[Fall 2020] Cognitive Computing (感知運算)

[Introduction]

Course Goal:Cognitive computing refers to systems that learn at scale, reason with purpose, and interact with humans naturally from numerous emerging sensors and signals. Cognitive computing systems are trained to sense, predict, infer, and in some ways, reason, using machine learning algorithms that are operated over large-scale, noisy, and unstructured data streams.

The topic will be essential for current and future industrial needs and academic research opportunities.

We aim to introduce the state-of-the-art and essential machine learning algorithms for numerous core problems in cognitive computing. We investigate methods for machine perception and the following action planning. We need to deal with the noisy, unstructured, high-dimensional data in rigorous and efficient manners.

We emphasize the hands-on experiences for conducting the course in terms of programming and experimental assignments, midterm, and final projects. We will organize the lecture content from the state-of-the-art and the reading materials will be mostly based on the literatures from top conferences.

Lecturer: Winston Hsu (office: R512, CSIE Building)

TA: Jia-Fong Yeh <jiafongyeh@ieee.org> (office hour: 10am – 12pm, Tuesday)

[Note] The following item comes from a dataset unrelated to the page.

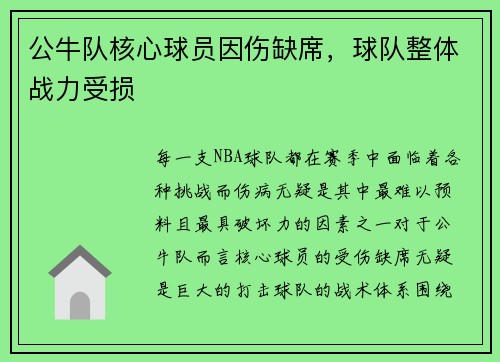 公牛队核心球员因伤缺席，球队整体战力受损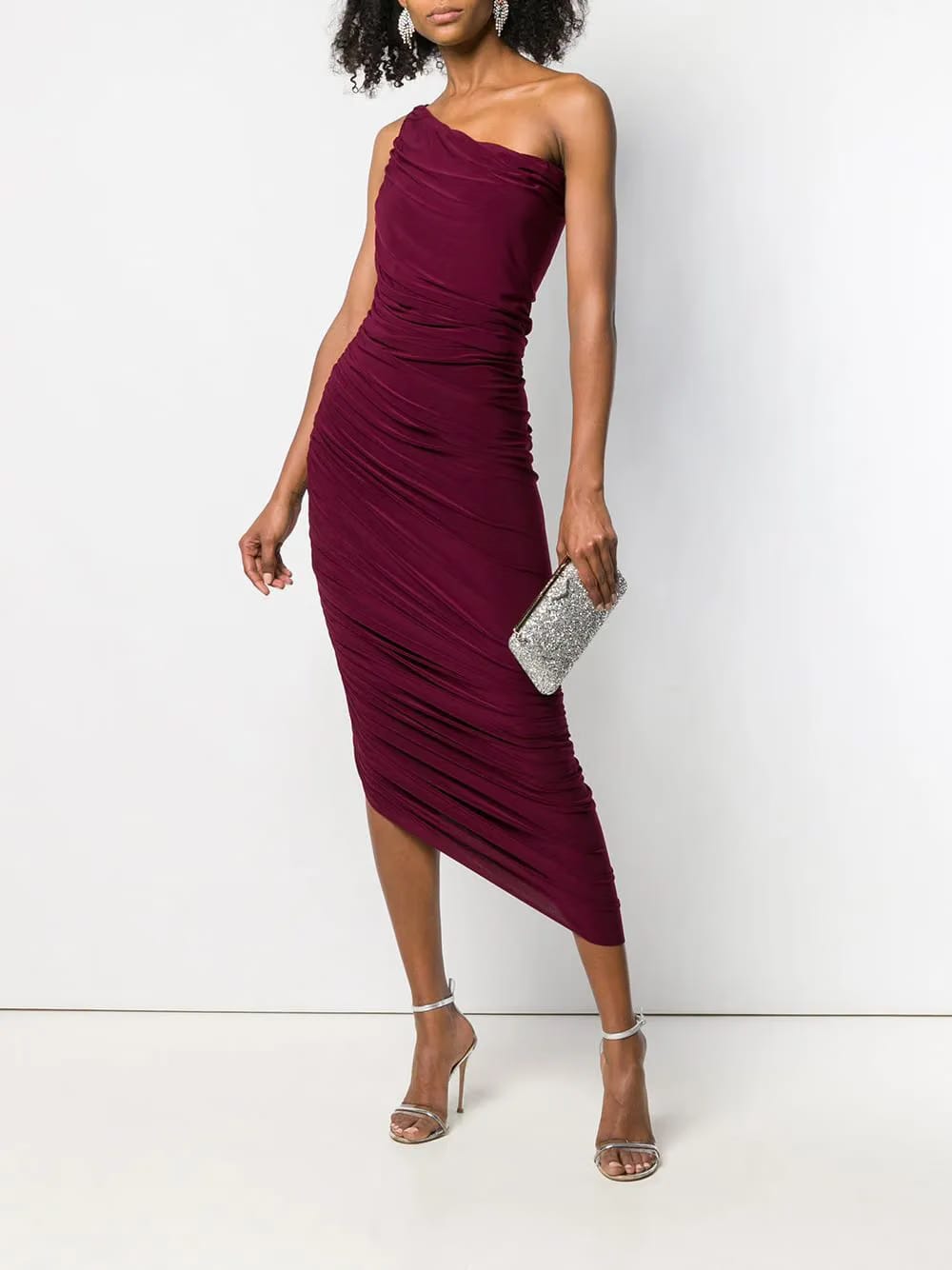 Ellipse sequin-embellished clutch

Time: 2:20pm – 5:10pm, Tuesday

Location: R107, CSIE Building

Info: 課號CSIE 5420; 課程識別碼: 922 U4460

Assessment (tentative):

Assignments : 20-30%
Midterm Exam.: 30-40%
- November 5, 2019
Final Project: 30-40%

Resources:

The lecture slides, homework descriptions, and datasets will be posted in NTU CEIBA. Only the students registered for the lecture can access them.
We will also host the discussions (questions) in NTU CEIBA as well.
The icon indicates that the related resources are ready for download

Requirements: Background in image processing (or signal processing related courses), probability, and linear algebra. Experience with machine learning or statistical pattern recognition will be useful but not required.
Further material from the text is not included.